All entries below must be retyped exactly, though pictures are to be skipped.

Extracted records:
>>>

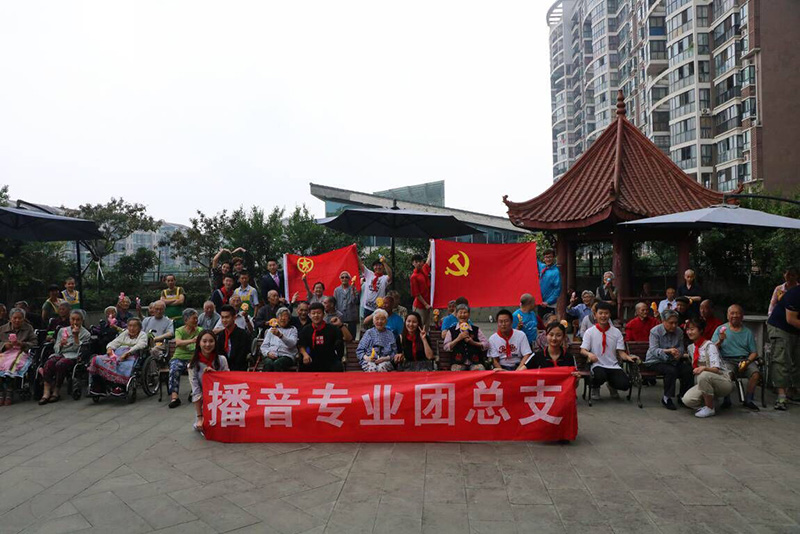3.合影.jpg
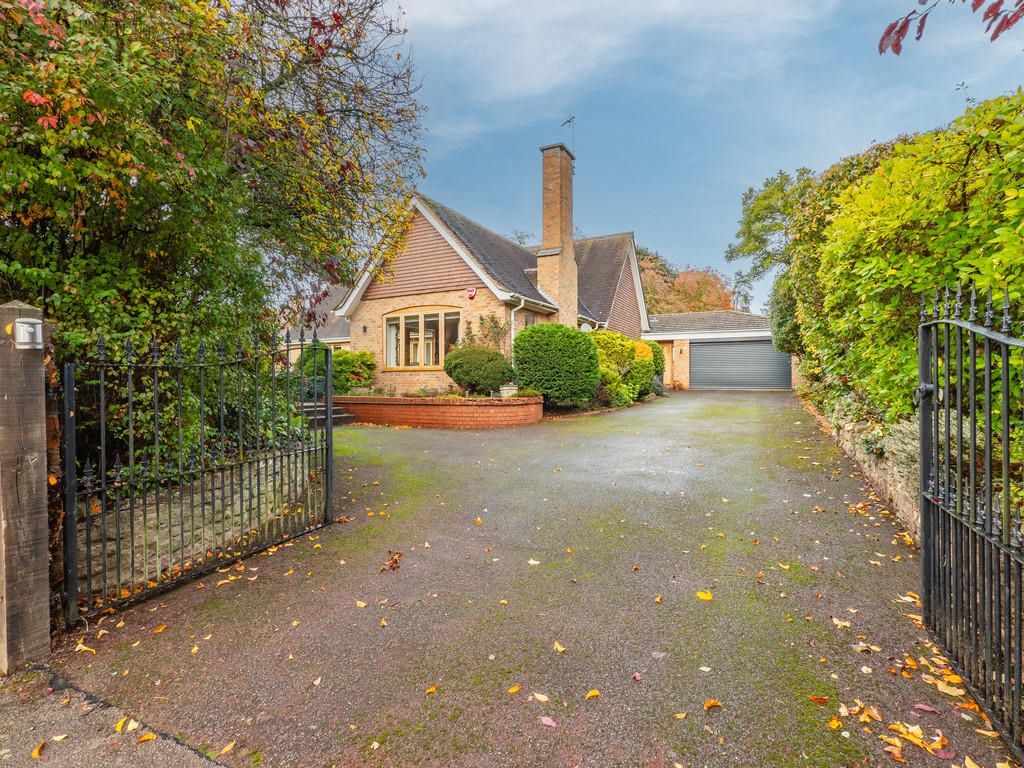 4 bed bungalow for sale in Cuffley, Potters Bar EN6, £1,100,000 Zoopla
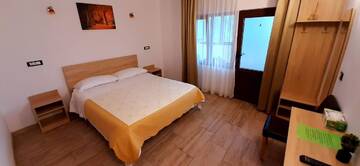 Фото Проживание в семье Casa Miraj г. Кэлимэнешти 5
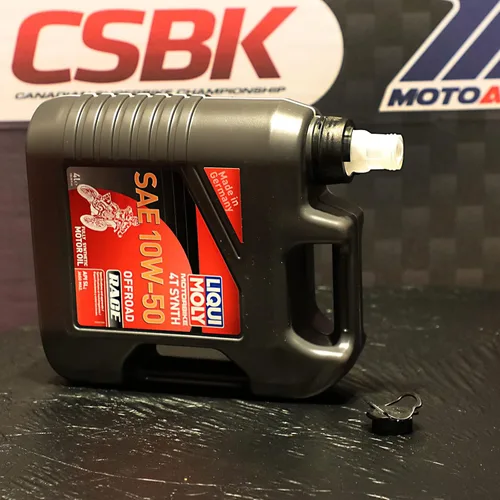Vista 4 de Liqui Moly 4T Synthetic 10w-50 Offroad Race 4-Liter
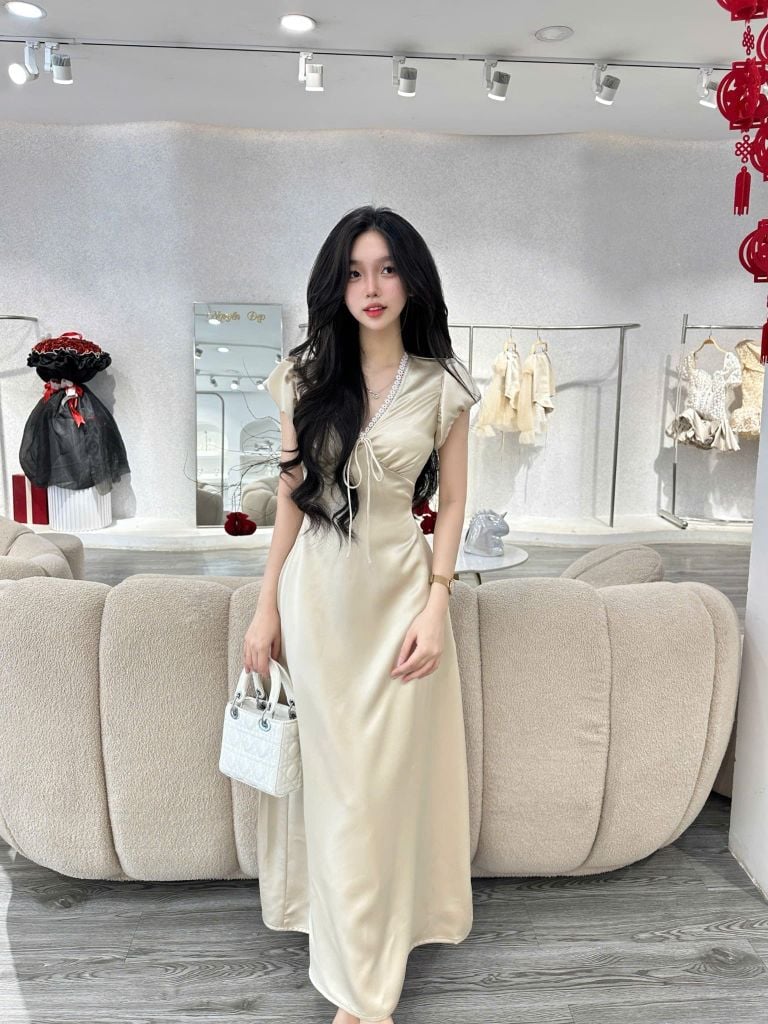 Đầm lụa cổ V tay phồng đính nơ (P24)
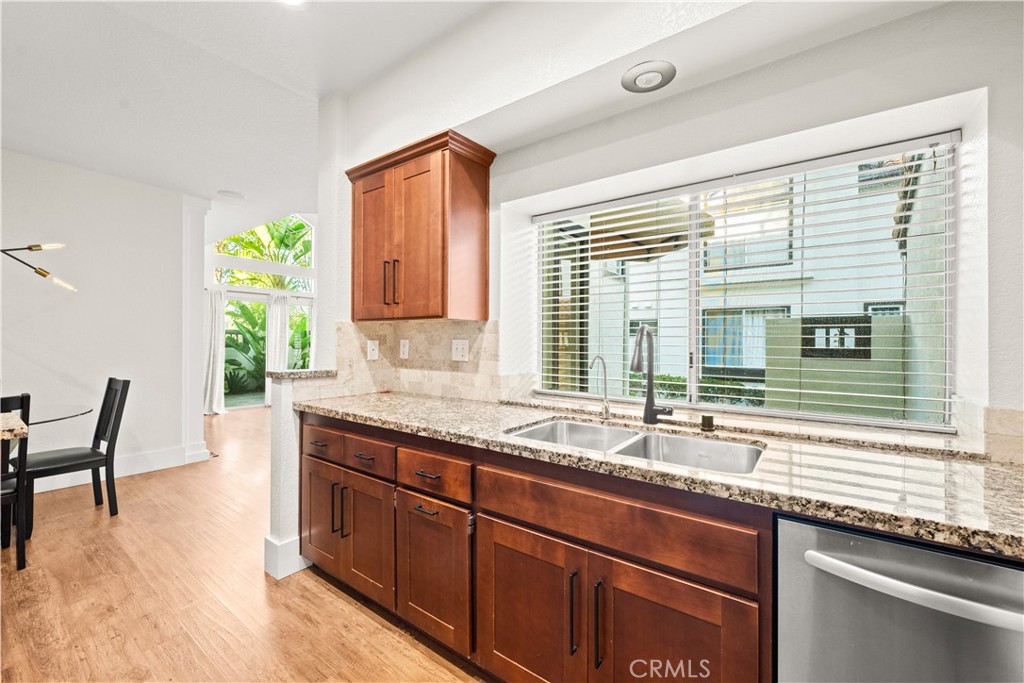 Palm Court (LHC) - Residential Lease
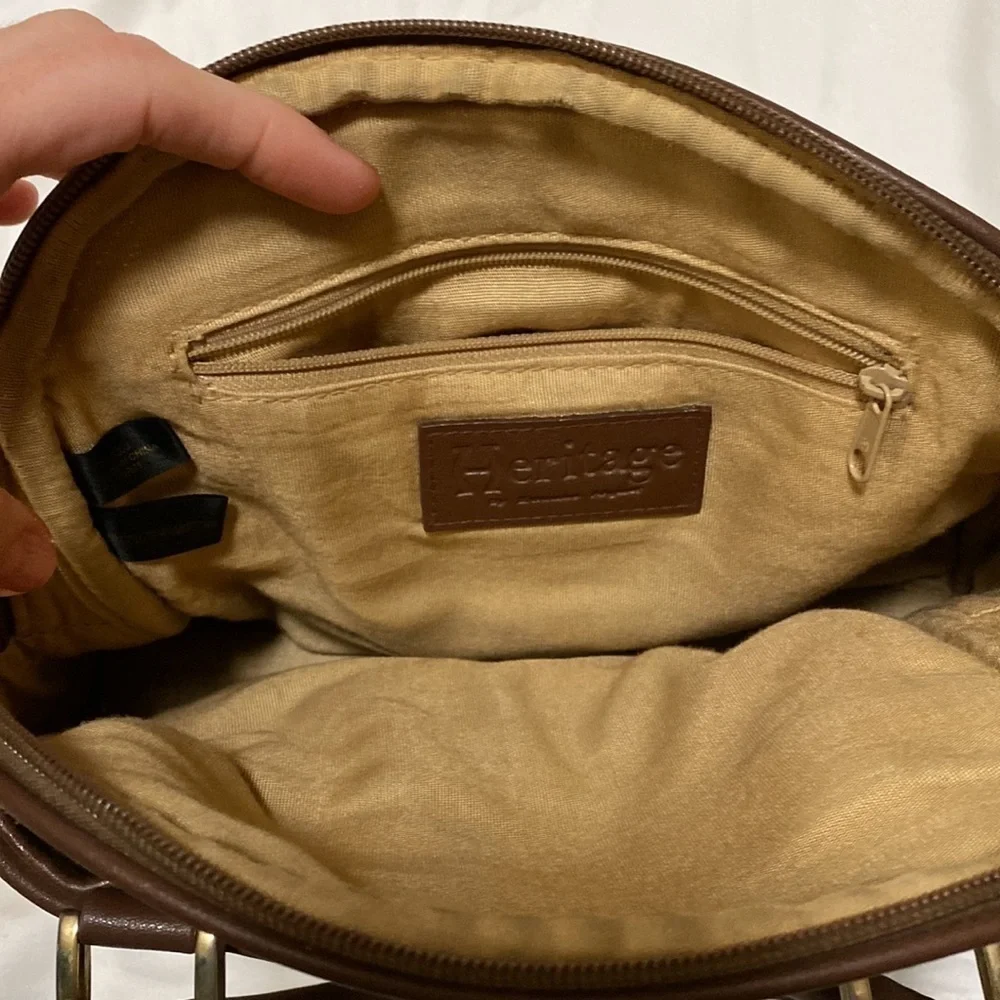 Etienne Aigner, Heritage, Vintage Straw purse. **Rare 1960s. Designer Bag - Picture 9 of 16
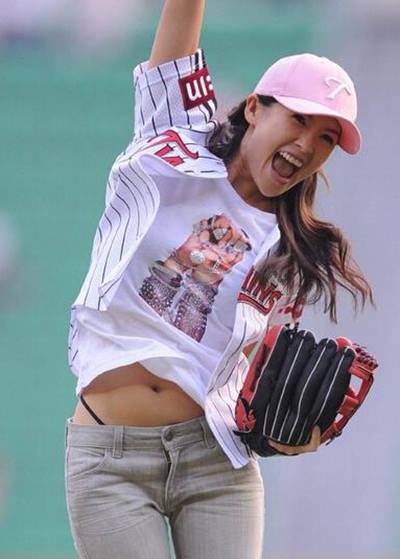 中・日・韓の女性スターによる始球式集、魅力満載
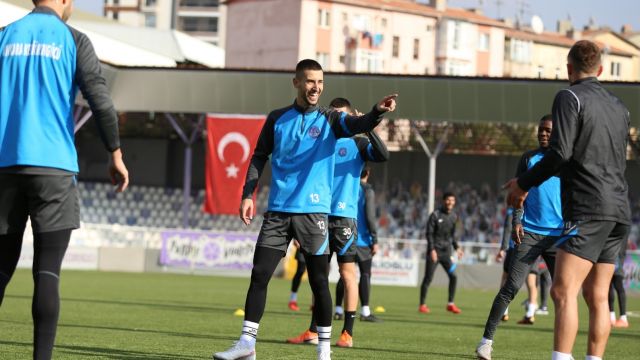 Ilir Mustafa, “İyi oynayıp milli takıma gitmek istiyorum” 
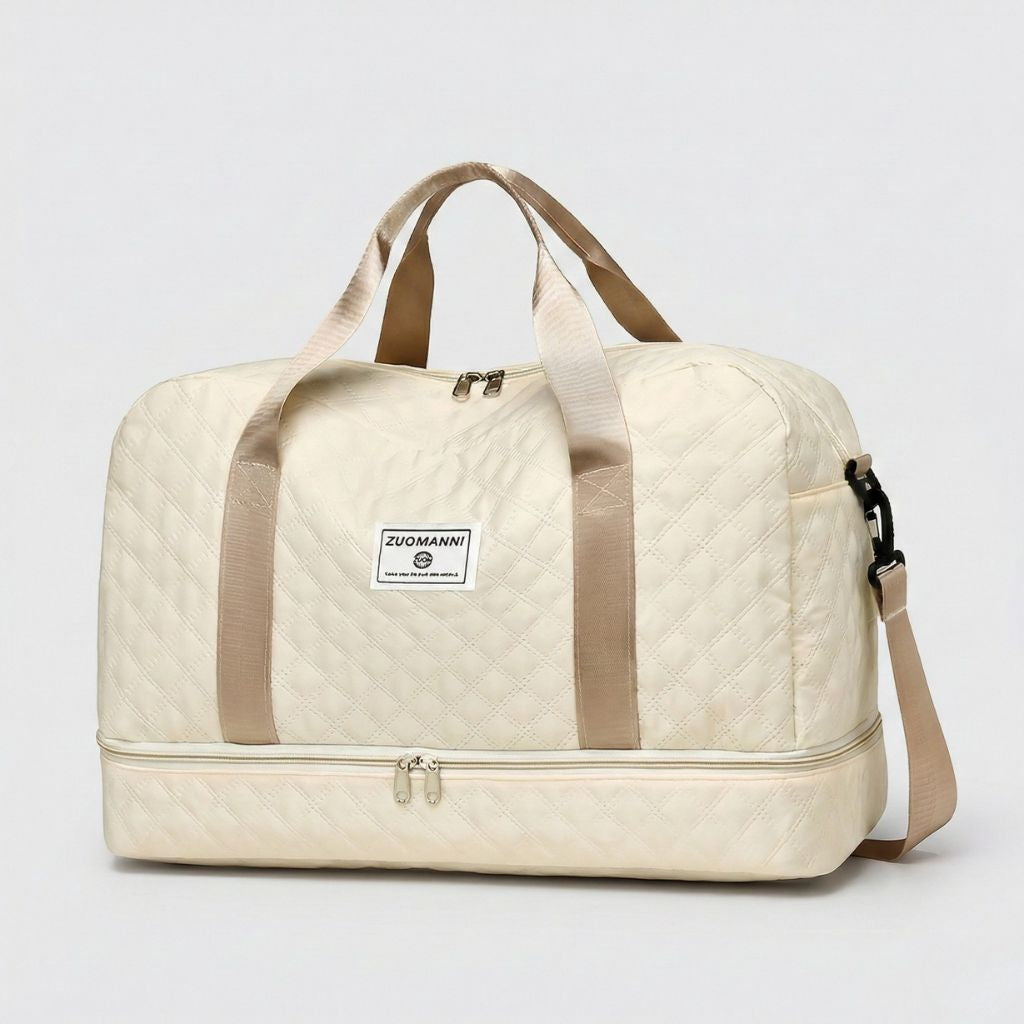 Sac matelassé blanc crème vue 3/4, compartiment chaussures zippé en bas, motif matelassé diamants et bandoulière
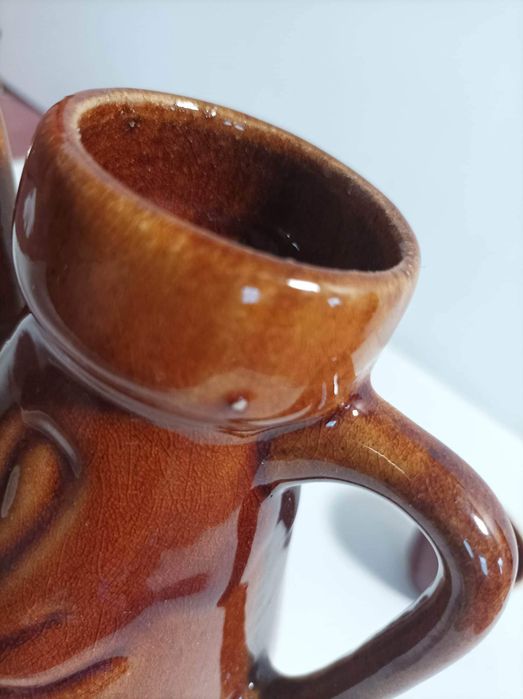Ceramiczny dzbanuszek i trzy czarki
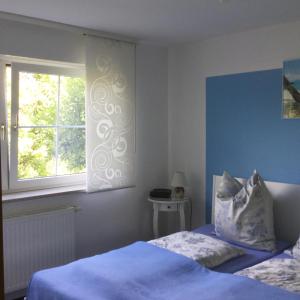 1 dormitorio con cama y ventana en Haus-Petra-Maria en Bad Schlema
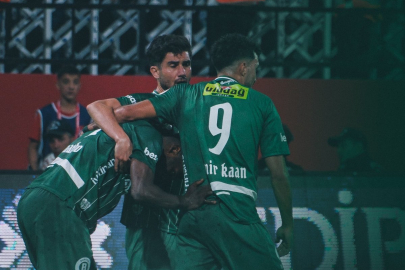 Batman'da Timsah yürüyüşü: Bursaspor zorlu virajı döndü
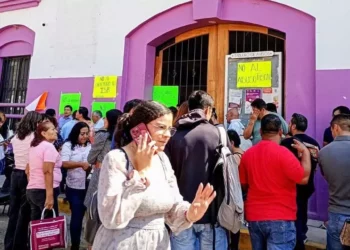 Burócratas mantienen protestas en rechazo al ISR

<<<

Task output:
3.合影.jpg
 4 bed bungalow for sale in Cuffley, Potters Bar EN6, £1,100,000 Zoopla
 Фото Проживание в семье Casa Miraj г. Кэлимэнешти 5
Vista 4 de Liqui Moly 4T Synthetic 10w-50 Offroad Race 4-Liter
 Đầm lụa cổ V tay phồng đính nơ (P24)
 Palm Court (LHC) - Residential Lease
 Etienne Aigner, Heritage, Vintage Straw purse. **Rare 1960s. Designer Bag - Picture 9 of 16
 中・日・韓の女性スターによる始球式集、魅力満載
 Ilir Mustafa, “İyi oynayıp milli takıma gitmek istiyorum” 
 Sac matelassé blanc crème vue 3/4, compartiment chaussures zippé en bas, motif matelassé diamants et bandoulière
Ceramiczny dzbanuszek i trzy czarki
 1 dormitorio con cama y ventana en Haus-Petra-Maria en Bad Schlema
 Batman'da Timsah yürüyüşü: Bursaspor zorlu virajı döndü
 Burócratas mantienen protestas en rechazo al ISR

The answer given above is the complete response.